Igor de Maack, fund manager, DNCA Invest Convertibles, DNCA
Greece has finally capitulated and obtained an agreement very similar to the one offered prior to the referendum. In six months, Alexis Tsipras will have achieved only one thing: giving the illusion that his people had bargaining power whereas they actually had very little other than a weak economic recovery and a good primary budget balance before his election.
Since he came to power, Greeks have been withdrawing their money from banks and they have not been proven wrong since the banks have now closed and capital controls will shortly be introduced. In short, this agreement which has yet to be validated by various parliaments (although agreed in Greece) does not necessarily avoid the Grexit since political stability in Greece is far from assured (forthcoming strikes, a fragmented majority, new elections?).
Alexis Tsipras has failed since the new measures imposed by Europe mean being placed under constant supervision.

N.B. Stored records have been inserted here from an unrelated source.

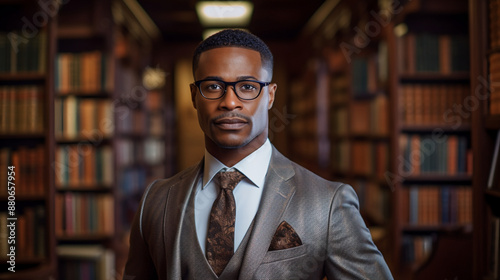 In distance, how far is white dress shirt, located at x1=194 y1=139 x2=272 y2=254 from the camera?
94 cm

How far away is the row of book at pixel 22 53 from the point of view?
8.79 ft

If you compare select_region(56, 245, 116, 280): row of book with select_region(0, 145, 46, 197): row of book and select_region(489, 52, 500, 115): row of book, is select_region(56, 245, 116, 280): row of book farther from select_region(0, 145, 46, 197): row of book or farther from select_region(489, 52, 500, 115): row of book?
select_region(489, 52, 500, 115): row of book

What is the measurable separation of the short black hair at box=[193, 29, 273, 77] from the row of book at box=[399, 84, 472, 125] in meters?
2.35

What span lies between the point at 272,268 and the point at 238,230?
0.11 meters

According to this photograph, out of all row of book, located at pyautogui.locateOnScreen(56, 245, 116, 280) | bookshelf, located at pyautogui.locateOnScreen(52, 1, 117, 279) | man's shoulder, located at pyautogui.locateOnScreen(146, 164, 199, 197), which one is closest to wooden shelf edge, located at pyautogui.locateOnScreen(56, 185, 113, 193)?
bookshelf, located at pyautogui.locateOnScreen(52, 1, 117, 279)

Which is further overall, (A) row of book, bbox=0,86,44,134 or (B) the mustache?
(A) row of book, bbox=0,86,44,134

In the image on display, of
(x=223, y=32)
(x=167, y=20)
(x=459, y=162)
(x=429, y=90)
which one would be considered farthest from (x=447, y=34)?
(x=167, y=20)

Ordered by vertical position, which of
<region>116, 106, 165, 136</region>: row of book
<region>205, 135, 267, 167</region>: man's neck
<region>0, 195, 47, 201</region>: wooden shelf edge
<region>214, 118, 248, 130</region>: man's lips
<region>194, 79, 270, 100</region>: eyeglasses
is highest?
<region>116, 106, 165, 136</region>: row of book

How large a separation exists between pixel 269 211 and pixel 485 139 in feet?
4.21

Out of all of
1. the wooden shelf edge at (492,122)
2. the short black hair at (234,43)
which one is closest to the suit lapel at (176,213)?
the short black hair at (234,43)

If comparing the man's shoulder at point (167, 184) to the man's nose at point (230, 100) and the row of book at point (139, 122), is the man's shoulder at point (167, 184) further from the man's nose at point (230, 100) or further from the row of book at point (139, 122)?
the row of book at point (139, 122)

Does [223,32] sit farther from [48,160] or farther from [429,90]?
[429,90]

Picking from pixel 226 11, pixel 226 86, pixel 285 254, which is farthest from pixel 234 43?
pixel 226 11

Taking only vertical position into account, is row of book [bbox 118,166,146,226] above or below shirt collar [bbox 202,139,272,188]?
below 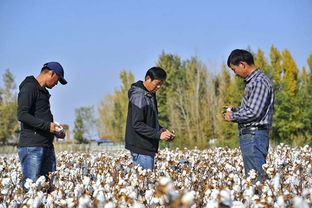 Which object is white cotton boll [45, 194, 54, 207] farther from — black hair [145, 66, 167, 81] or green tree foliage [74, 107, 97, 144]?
green tree foliage [74, 107, 97, 144]

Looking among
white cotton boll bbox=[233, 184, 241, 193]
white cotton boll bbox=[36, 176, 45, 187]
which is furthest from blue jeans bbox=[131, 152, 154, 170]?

For the financial markets, the prospect of a disorganized summer Grexit has been postponed indefinitely.
They have already welcomed this agreement and will quickly focus more on micro-economic topics (publication of the firms’ results) or more bond related topics (the forthcoming increase in US rates). This third aid plan may be the last. The terms are so constraining that one could even wonder whether it was drawn up with Greece’s future exist from the euro zone in mind.
If Alexis Tsipras has failed, Europe and countries such as France should not necessarily start singing the sweet melody of triumph. This agreement, no more historical than previous ones, has shown the glaring internal divide on the subject of the economic path to follow.